*Task directions*: Restrict the output to the lines below starting at the one that contains "COACH (2012) ALEXANDRA" and ending at the one that contains "To b. by agnès", and restate them word for word, both ends included.

(Exercise materials Opens)

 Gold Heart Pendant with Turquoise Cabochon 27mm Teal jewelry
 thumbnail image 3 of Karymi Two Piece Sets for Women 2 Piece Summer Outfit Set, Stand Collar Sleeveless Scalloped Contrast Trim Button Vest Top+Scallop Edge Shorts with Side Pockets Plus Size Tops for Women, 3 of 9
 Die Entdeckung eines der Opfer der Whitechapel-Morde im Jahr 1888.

(Exercise materials Closes)
(Exercise materials Opens)

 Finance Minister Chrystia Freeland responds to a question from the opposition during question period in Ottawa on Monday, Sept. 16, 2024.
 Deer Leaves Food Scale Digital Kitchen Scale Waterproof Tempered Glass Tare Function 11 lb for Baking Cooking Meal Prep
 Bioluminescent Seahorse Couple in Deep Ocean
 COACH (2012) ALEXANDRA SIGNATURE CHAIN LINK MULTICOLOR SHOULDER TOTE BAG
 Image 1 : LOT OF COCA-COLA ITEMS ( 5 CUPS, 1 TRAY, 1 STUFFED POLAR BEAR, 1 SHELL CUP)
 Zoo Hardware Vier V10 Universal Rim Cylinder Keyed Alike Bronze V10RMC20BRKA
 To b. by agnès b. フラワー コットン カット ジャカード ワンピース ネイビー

(Exercise materials Closes)
(Exercise materials Opens)

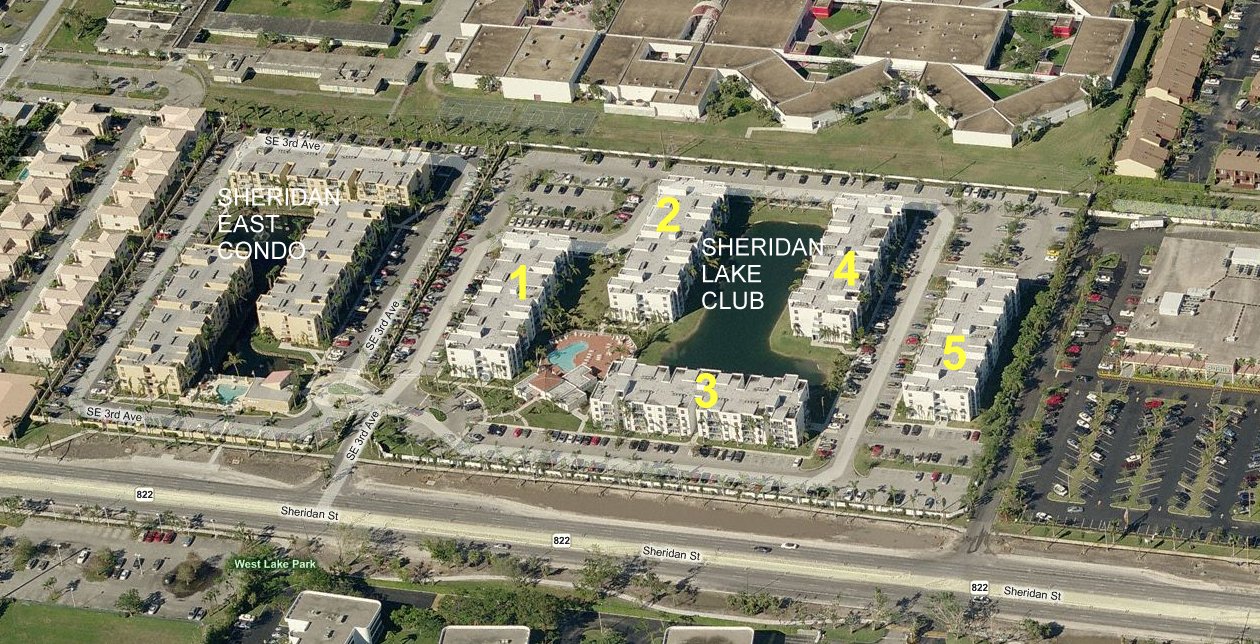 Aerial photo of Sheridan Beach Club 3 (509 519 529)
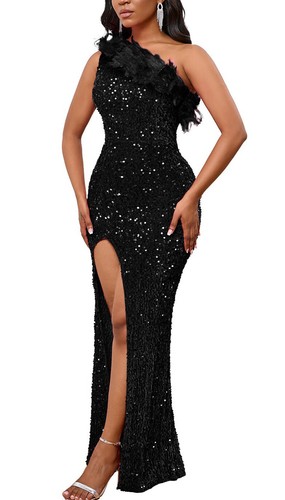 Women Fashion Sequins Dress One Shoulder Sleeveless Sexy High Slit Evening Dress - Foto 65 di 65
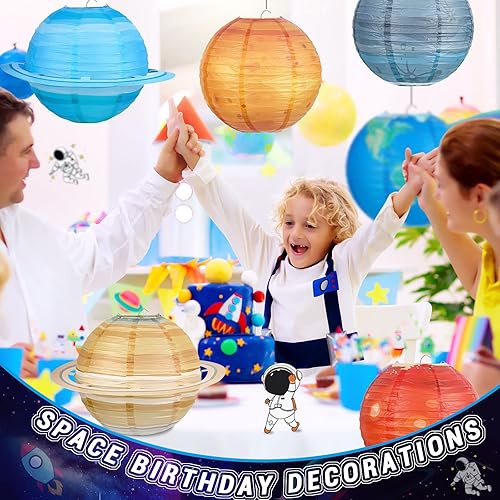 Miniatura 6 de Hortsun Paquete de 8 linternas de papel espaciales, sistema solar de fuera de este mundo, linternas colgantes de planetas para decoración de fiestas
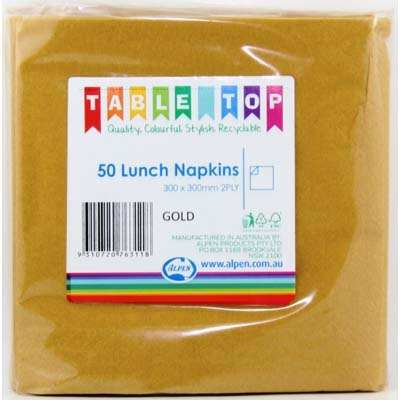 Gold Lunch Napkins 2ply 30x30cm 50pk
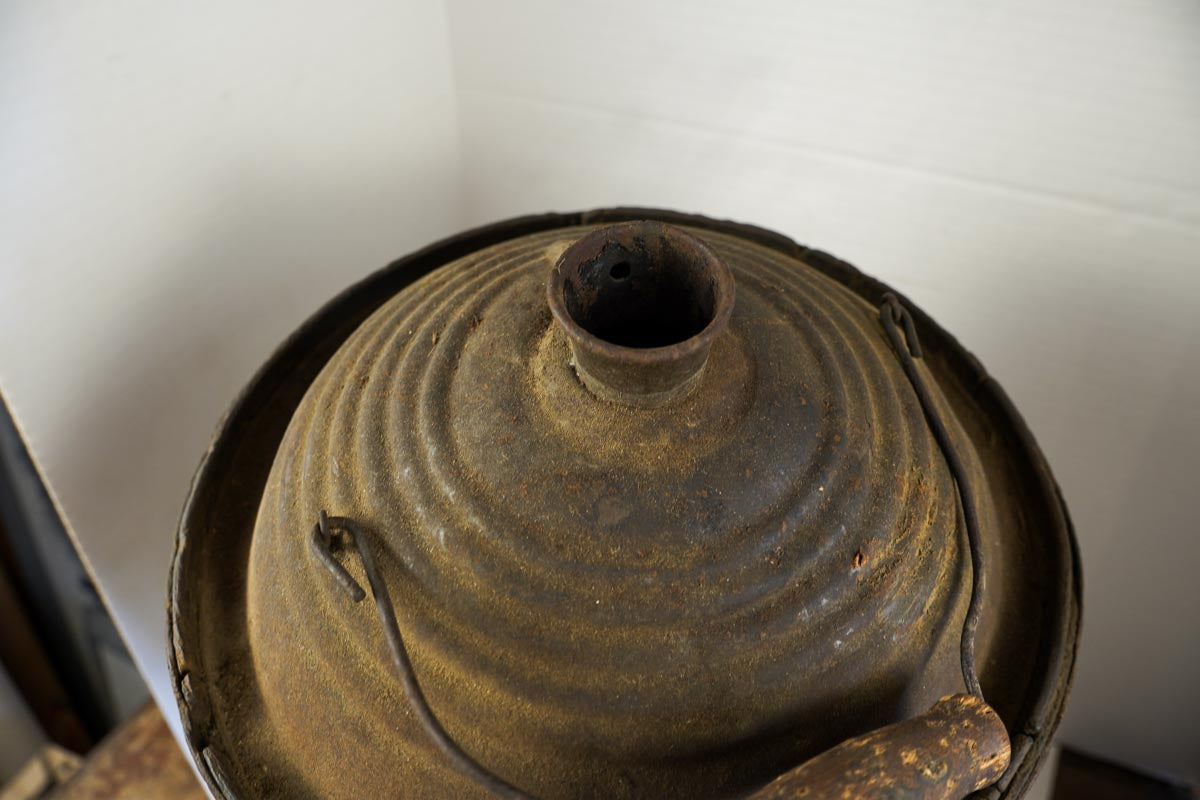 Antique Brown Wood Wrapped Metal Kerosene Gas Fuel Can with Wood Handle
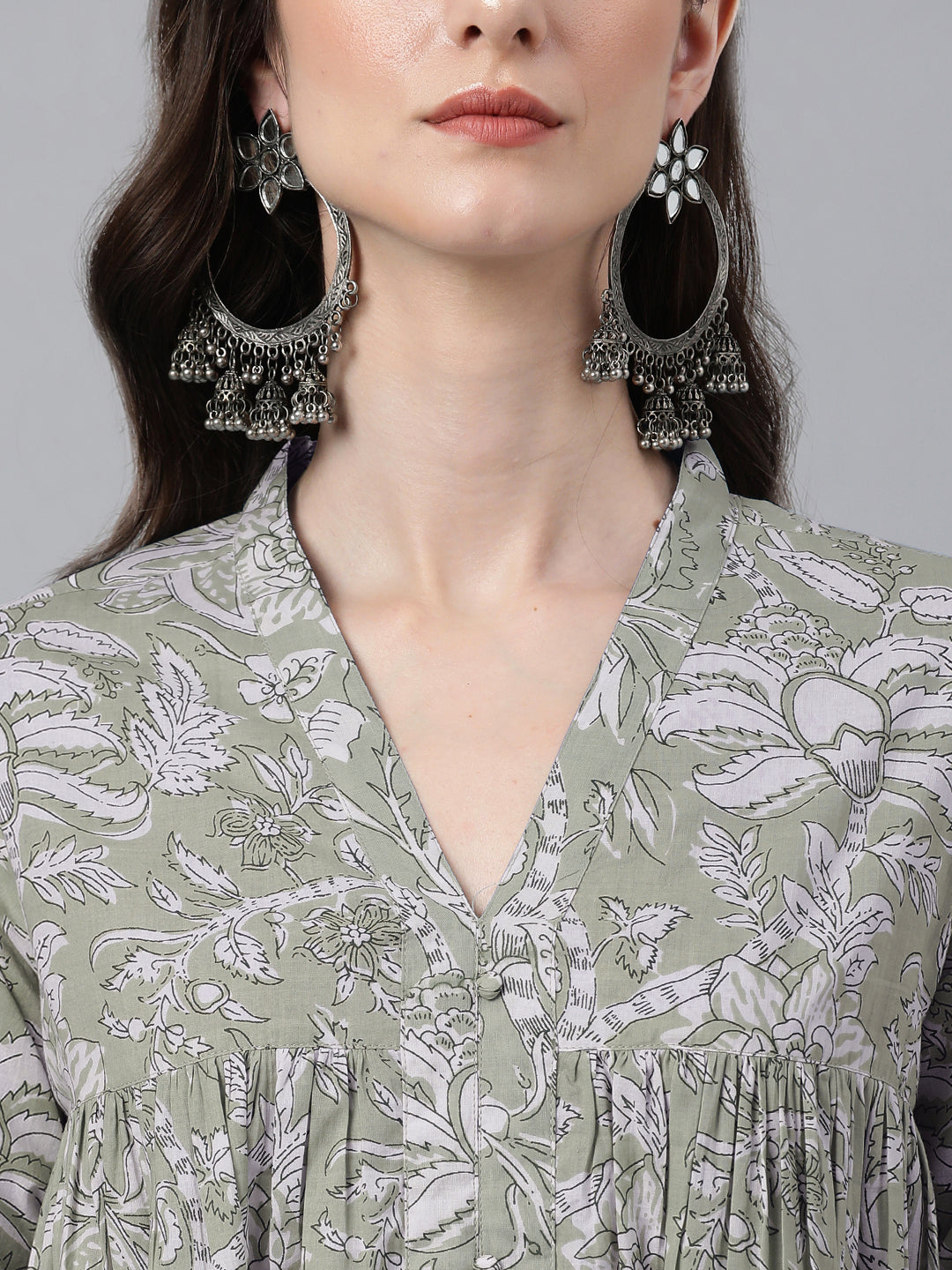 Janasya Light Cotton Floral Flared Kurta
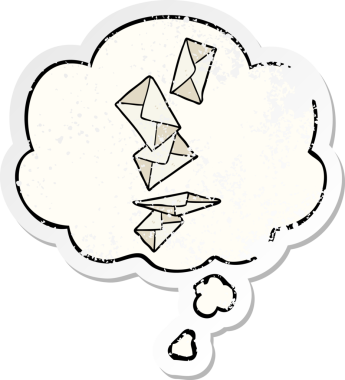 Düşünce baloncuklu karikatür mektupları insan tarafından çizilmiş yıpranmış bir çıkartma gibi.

(Exercise materials Closes)

*Task result*:
 COACH (2012) ALEXANDRA SIGNATURE CHAIN LINK MULTICOLOR SHOULDER TOTE BAG
 Image 1 : LOT OF COCA-COLA ITEMS ( 5 CUPS, 1 TRAY, 1 STUFFED POLAR BEAR, 1 SHELL CUP)
 Zoo Hardware Vier V10 Universal Rim Cylinder Keyed Alike Bronze V10RMC20BRKA
 To b. by agnès b. フラワー コットン カット ジャカード ワンピース ネイビー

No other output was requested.